The Superregional Banks: A Lucrative Group

One subset of banks, known as superregional banks, stands out in terms of dividend yields and asset size. These banks typically manage over $50 billion in assets and boast an impressive median yield of 4.8%. Despite an expected 4.7% year-over-year decrease in earnings, four banks within this group manage to deliver both robust earnings growth and yields above the 4.8% mark. The standout performers among these banks include:

  1. Columbia Banking System (COLB)
  2. KeyCorp (KEY)
  3. U.S. Bancorp (USB)
  4. Valley National Bancorp (VLY)

Other Promising Bank Stocks to Watch

Apart from the superregional banks mentioned above, there are a few other notable banks worth keeping an eye on. Although their dividend yields may not be as enticing as those in the superregional category, they still offer positive earnings growth prospects. These banks include:

  • Capital One Financial (COF)
  • Popular (BPOP)
  • Webster Financial (WBS)
  • Western Alliance Bancorp (WAL)

Their dividend yields range between 2.4% and 3.9%.

Conclusion

Banks may have garnered skepticism in recent times, but for income-seeking investors, high-yielding bank stocks present an appealing opportunity. By investing in well-performing banks with healthy dividends and the potential for future growth, investors can benefit from both regular income streams and the possibility of capital appreciation.

A Challenging Year for Bank Stocks

It has undoubtedly been a challenging year for bank stocks. The super regionals, in particular, have felt the impact with an average 20% decline in their stocks, while the S&P 500 experienced a 17% gain. This disparity can be attributed to various factors including the collapse of three major lenders in the spring. Additionally, remaining banks are expected to face higher funding costs due to rising interest rates and increased regulation aimed at preventing future financial crises.
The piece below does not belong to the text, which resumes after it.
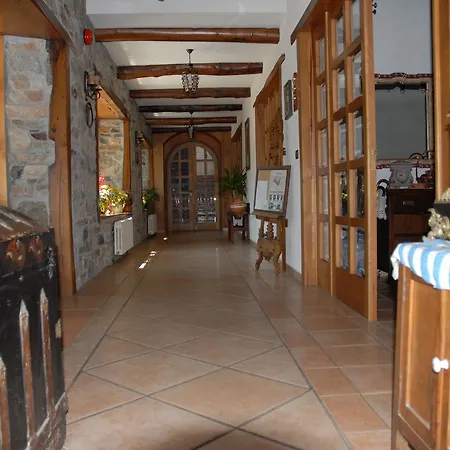 El Urogallo Otel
Identifying Resilient Banks

Despite the ongoing challenges, there are still banks that have managed to maintain, and even grow, their payouts while simultaneously increasing earnings. Although it is important to note that utilising a screening process serves merely as a starting point for further analysis.

Factors to Consider

It is crucial to consider other factors that may impact a bank's performance. For instance, Capital One has a significantly higher percentage of net-charge offs to average loans compared to its peers—with a standing of 2.82% compared to the group median of 0.24%. This discrepancy reflects Capital One's specialization in credit cards.
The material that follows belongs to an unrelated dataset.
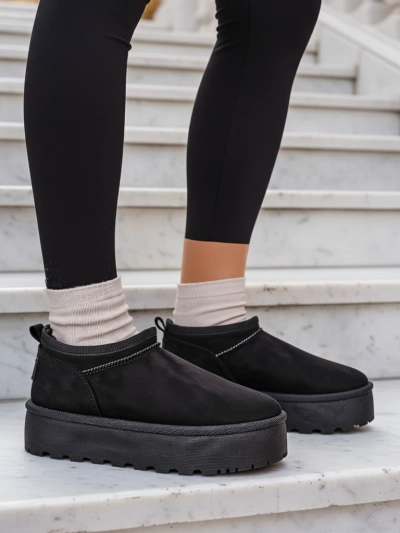 Royalfashion Női rövid csizma a'la hócsizma Ozozi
On the other hand, Western Alliance experienced substantial volatility in its stock during the spring, plummeting by 70% in May due to concerns over deposit flight. However, the bank has since strengthened its balance sheet and witnessed an increase in deposits.

High Dividends Amidst the Challenges

While it may be difficult to find love for banks in the current environment, it is worth noting that high dividends can make them more appealing.